━━━ Extracted entries ━━━

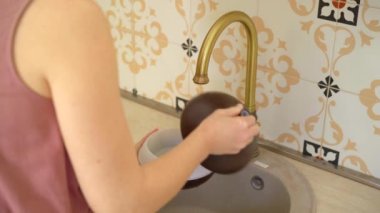 Genç bir kadın elektrikli aroma lambasını yıkıyor. Aromaterapi Konsepti. Elektronik Ultrasonik Temel Yağ Yayıcı ve Nemlendirici. Yakın çekim videosu.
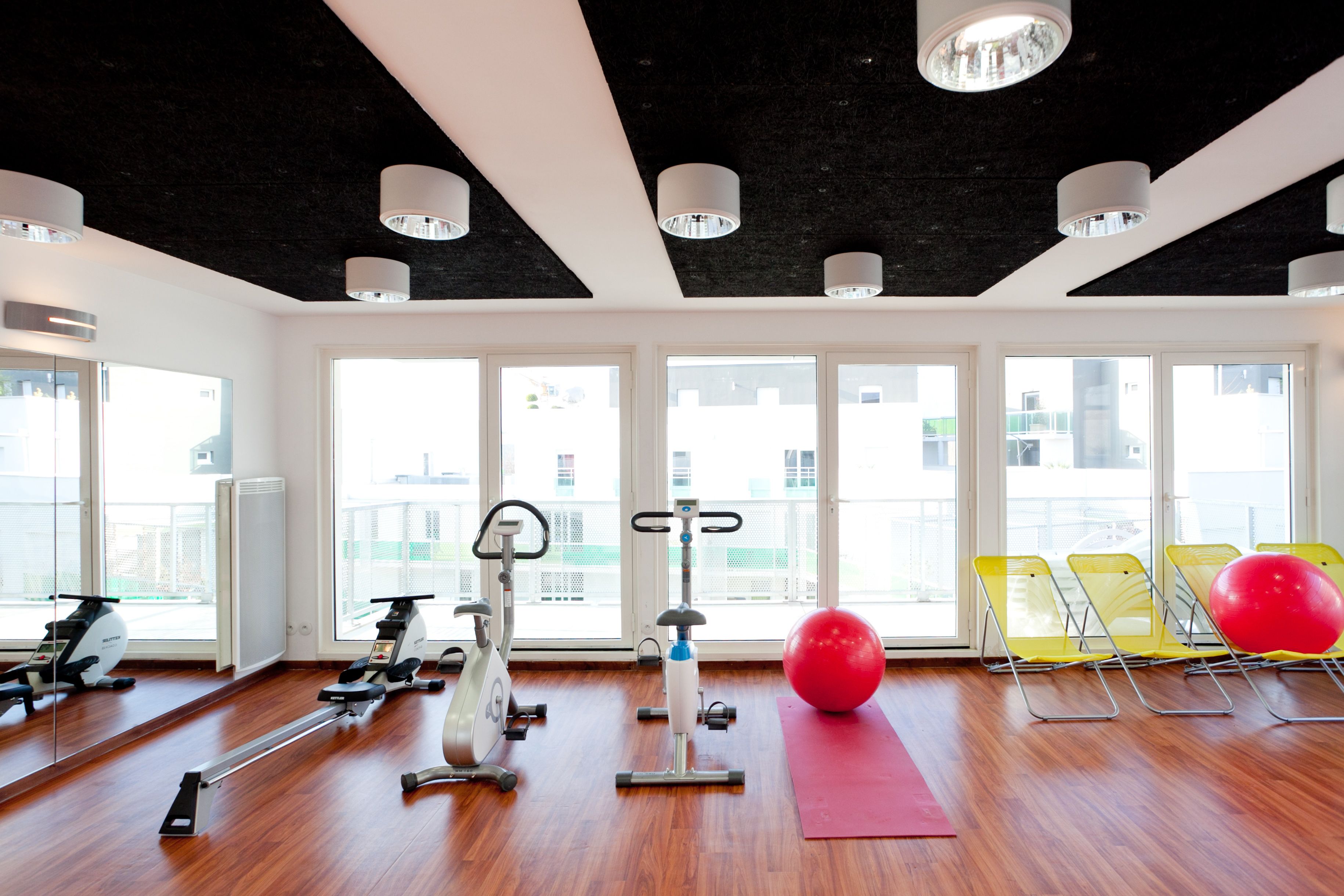Ein Fitnessraum mit Trainingsgeräten, großen Fenstern und einem roten Trainingsball.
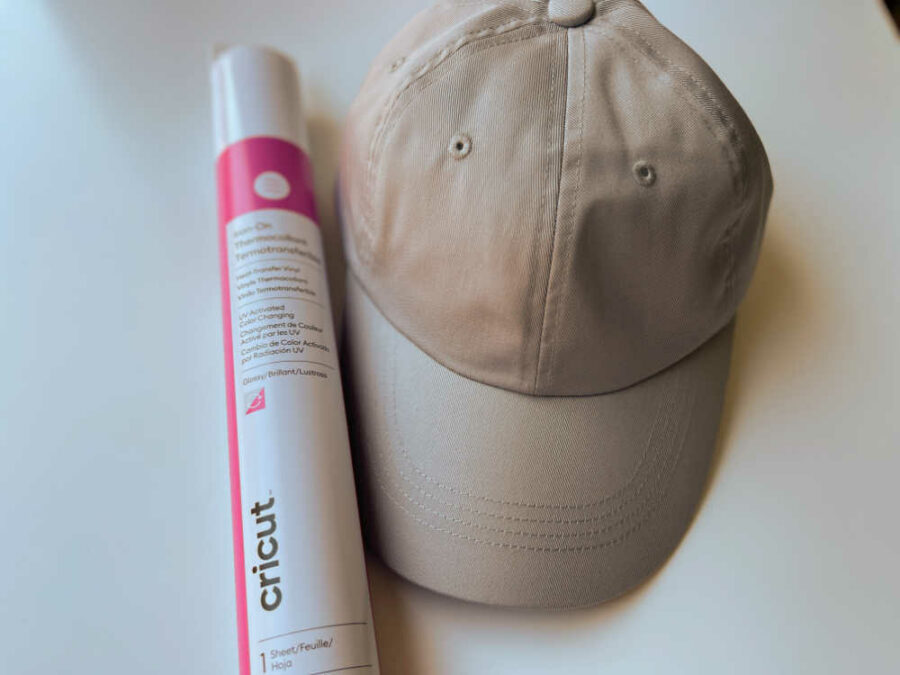 Blank hat with a roll of Cricut UV Activated Color Changing Iron on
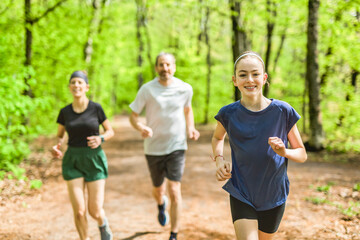 A Family exercising and jogging together at an outdoor park having great fun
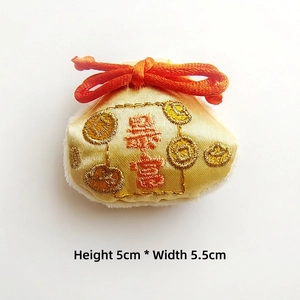 Macro detail of embroidered lucky pouch brooch with golden fabric and Daji character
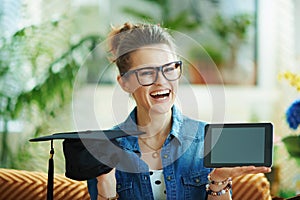 Happy stylish woman showing graduation cap and tablet PC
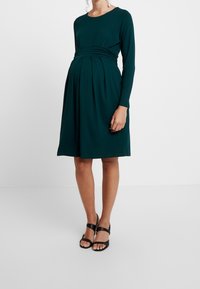 Grön långärmad gravidklänning med rund halsringning, samlad midja och veckad kjol. Tyget har en slät, mjuk textur.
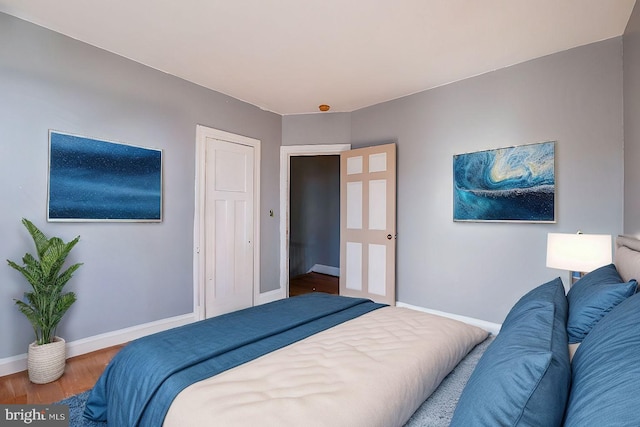 bedroom with wood-type flooring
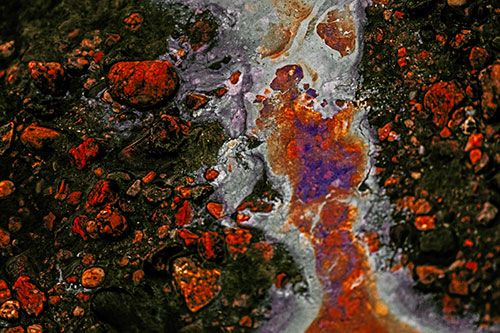 Distorted Oil Face Smearing Among Rocky Shore (Orange Tint)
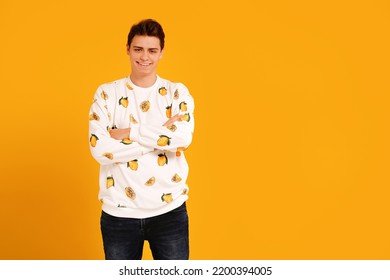 Young Smiling Handsome Man In Fashionable Clothes Posing Isolated On Yellow Studio Background, Looking At The Camera. Real People Emotions And Lifestyle Concept. Copy Space.
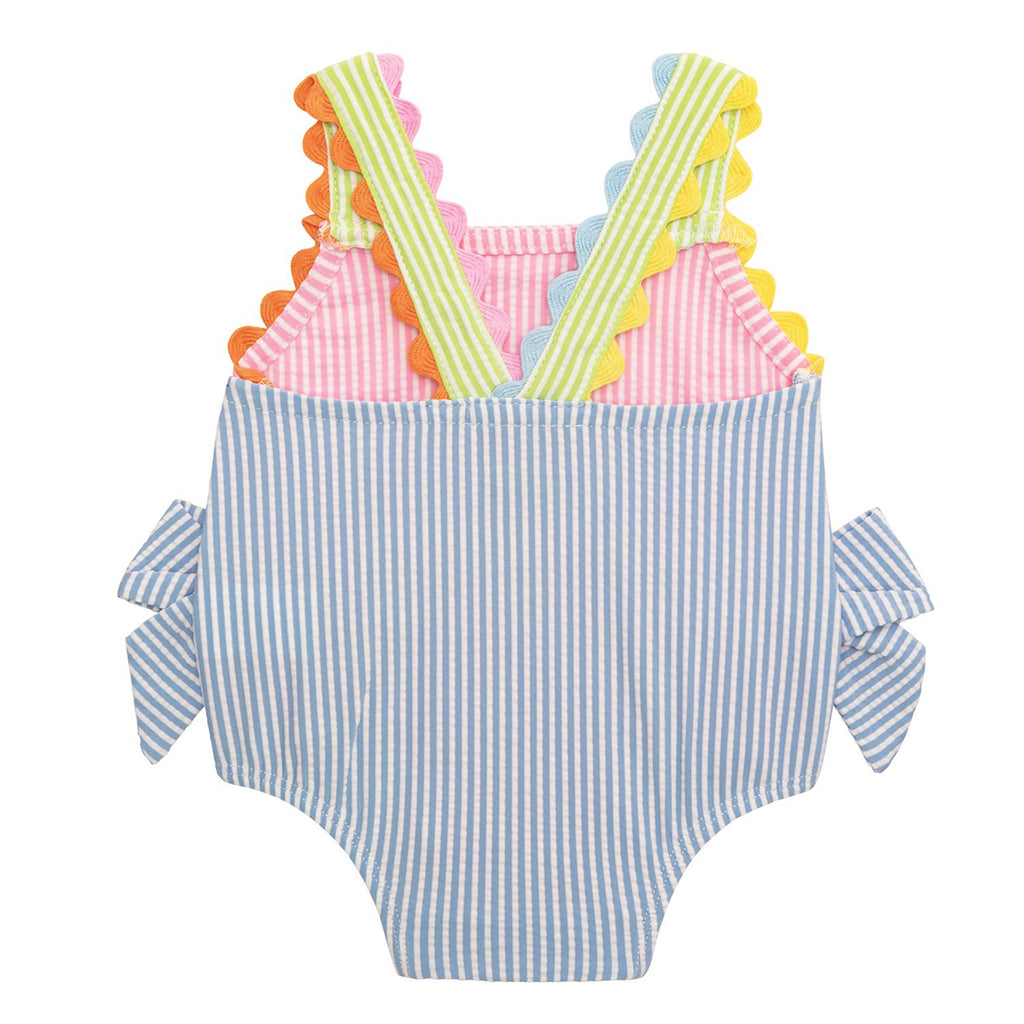 The back view of a pink striped seersucker girl's one-piece swimsuit with colorful ric-rac trim and blue bows on the hips.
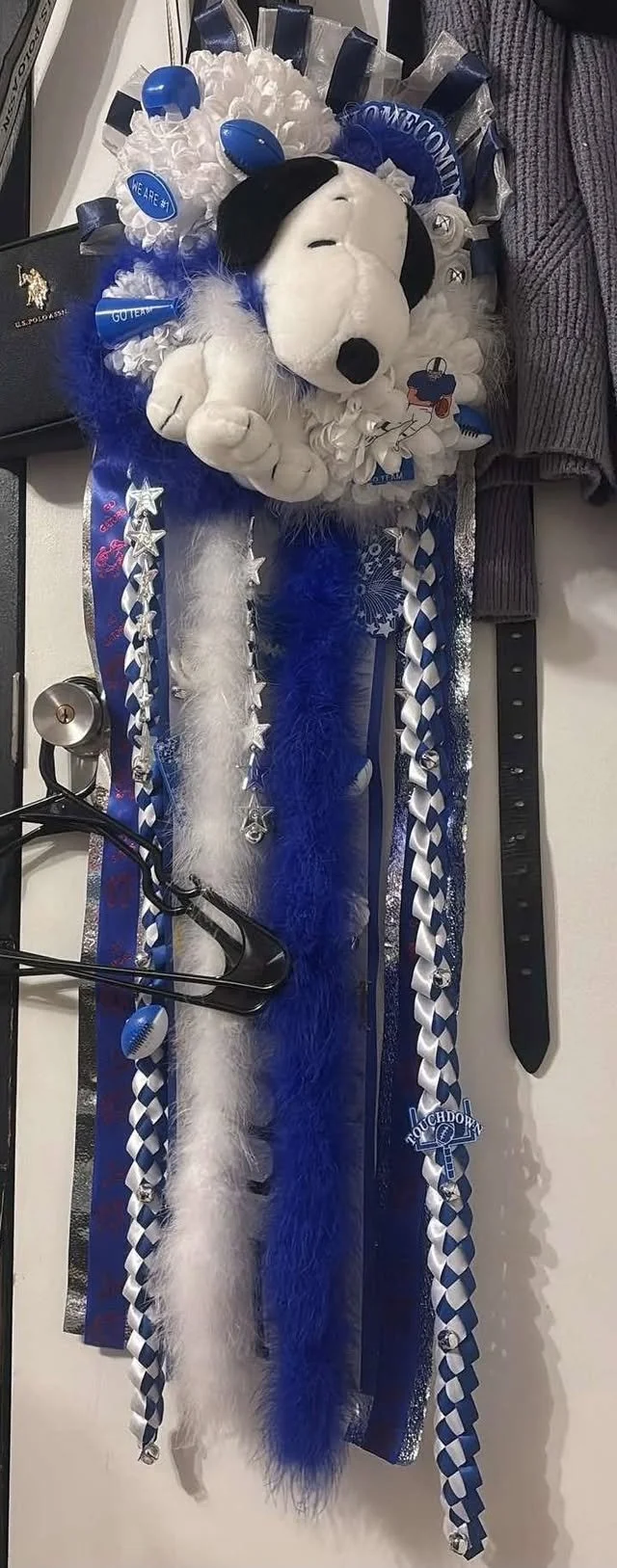 Decorated plush Snoopy dog with blue and white themed ribbons, feather boa, and sports-themed accessories, likely for a celebration or game day, on a table with miscellaneous items.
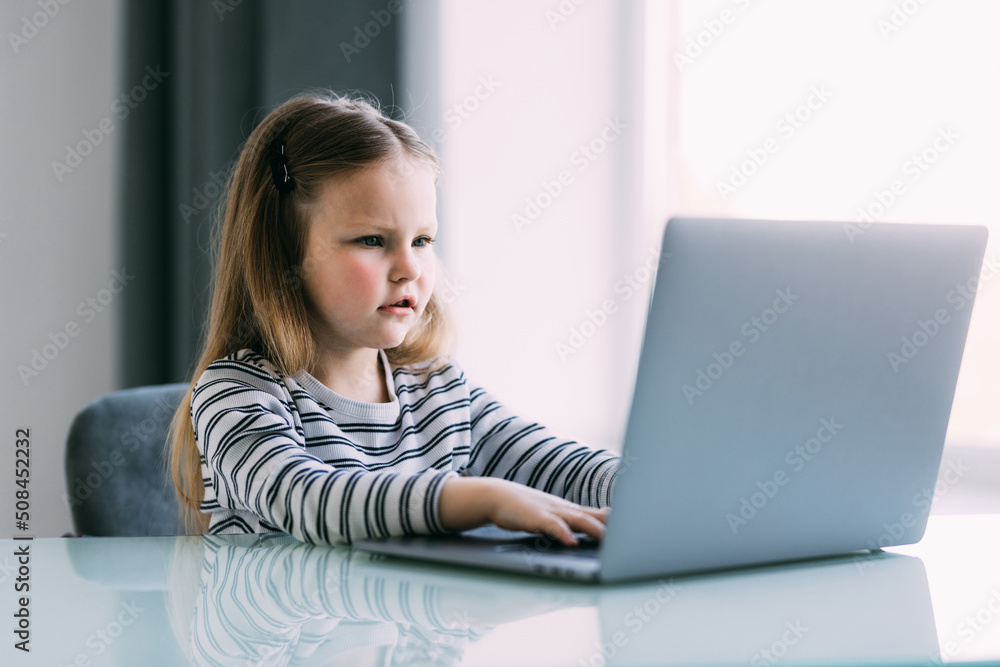 Little girl learning English indoors at online lesson on laptop Little girl learning English indoors at online lesson on laptop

━━━

Aim of the exercise: The line with "Ein Fitnessraum mit" ends the range, and the first line of the data begins it; repeat exactly those lines and nothing more, omitting pictures.

Finished task:
 Genç bir kadın elektrikli aroma lambasını yıkıyor. Aromaterapi Konsepti. Elektronik Ultrasonik Temel Yağ Yayıcı ve Nemlendirici. Yakın çekim videosu.
Ein Fitnessraum mit Trainingsgeräten, großen Fenstern und einem roten Trainingsball.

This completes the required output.